Your instructions: Reproduce the opening lines of the records exactly, please, stopping after the line that contains "花ひとひら 赤(33cm)".

Items listed in a dataset
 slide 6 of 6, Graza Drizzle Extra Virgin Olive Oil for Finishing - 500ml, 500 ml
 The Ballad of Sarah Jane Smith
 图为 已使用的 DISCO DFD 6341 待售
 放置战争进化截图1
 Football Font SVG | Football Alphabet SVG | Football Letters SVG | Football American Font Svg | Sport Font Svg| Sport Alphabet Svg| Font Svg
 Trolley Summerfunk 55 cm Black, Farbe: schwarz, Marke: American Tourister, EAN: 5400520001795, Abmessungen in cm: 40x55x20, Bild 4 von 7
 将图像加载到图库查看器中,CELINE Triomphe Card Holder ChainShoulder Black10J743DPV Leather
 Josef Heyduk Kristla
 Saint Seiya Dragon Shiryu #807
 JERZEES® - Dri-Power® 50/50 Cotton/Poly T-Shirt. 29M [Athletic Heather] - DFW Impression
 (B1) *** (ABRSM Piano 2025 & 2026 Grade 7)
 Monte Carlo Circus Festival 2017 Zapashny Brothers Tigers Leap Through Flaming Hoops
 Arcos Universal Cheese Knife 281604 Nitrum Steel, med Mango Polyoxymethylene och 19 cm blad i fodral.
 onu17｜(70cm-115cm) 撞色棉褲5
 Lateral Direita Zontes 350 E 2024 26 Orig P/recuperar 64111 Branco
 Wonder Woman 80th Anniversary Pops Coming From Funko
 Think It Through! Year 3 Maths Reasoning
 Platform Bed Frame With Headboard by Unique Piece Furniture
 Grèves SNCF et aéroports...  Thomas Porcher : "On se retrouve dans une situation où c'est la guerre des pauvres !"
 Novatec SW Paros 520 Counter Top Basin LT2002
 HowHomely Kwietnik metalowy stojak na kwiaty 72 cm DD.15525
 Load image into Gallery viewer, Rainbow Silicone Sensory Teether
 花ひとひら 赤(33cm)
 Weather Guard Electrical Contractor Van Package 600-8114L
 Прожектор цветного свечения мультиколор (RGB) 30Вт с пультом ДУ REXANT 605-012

Solution to this exercise:
 slide 6 of 6, Graza Drizzle Extra Virgin Olive Oil for Finishing - 500ml, 500 ml
 The Ballad of Sarah Jane Smith
 图为 已使用的 DISCO DFD 6341 待售
 放置战争进化截图1
 Football Font SVG | Football Alphabet SVG | Football Letters SVG | Football American Font Svg | Sport Font Svg| Sport Alphabet Svg| Font Svg
 Trolley Summerfunk 55 cm Black, Farbe: schwarz, Marke: American Tourister, EAN: 5400520001795, Abmessungen in cm: 40x55x20, Bild 4 von 7
 将图像加载到图库查看器中,CELINE Triomphe Card Holder ChainShoulder Black10J743DPV Leather
 Josef Heyduk Kristla
 Saint Seiya Dragon Shiryu #807
 JERZEES® - Dri-Power® 50/50 Cotton/Poly T-Shirt. 29M [Athletic Heather] - DFW Impression
 (B1) *** (ABRSM Piano 2025 & 2026 Grade 7)
 Monte Carlo Circus Festival 2017 Zapashny Brothers Tigers Leap Through Flaming Hoops
 Arcos Universal Cheese Knife 281604 Nitrum Steel, med Mango Polyoxymethylene och 19 cm blad i fodral.
 onu17｜(70cm-115cm) 撞色棉褲5
 Lateral Direita Zontes 350 E 2024 26 Orig P/recuperar 64111 Branco
 Wonder Woman 80th Anniversary Pops Coming From Funko
 Think It Through! Year 3 Maths Reasoning
 Platform Bed Frame With Headboard by Unique Piece Furniture
 Grèves SNCF et aéroports...  Thomas Porcher : "On se retrouve dans une situation où c'est la guerre des pauvres !"
 Novatec SW Paros 520 Counter Top Basin LT2002
 HowHomely Kwietnik metalowy stojak na kwiaty 72 cm DD.15525
 Load image into Gallery viewer, Rainbow Silicone Sensory Teether
 花ひとひら 赤(33cm)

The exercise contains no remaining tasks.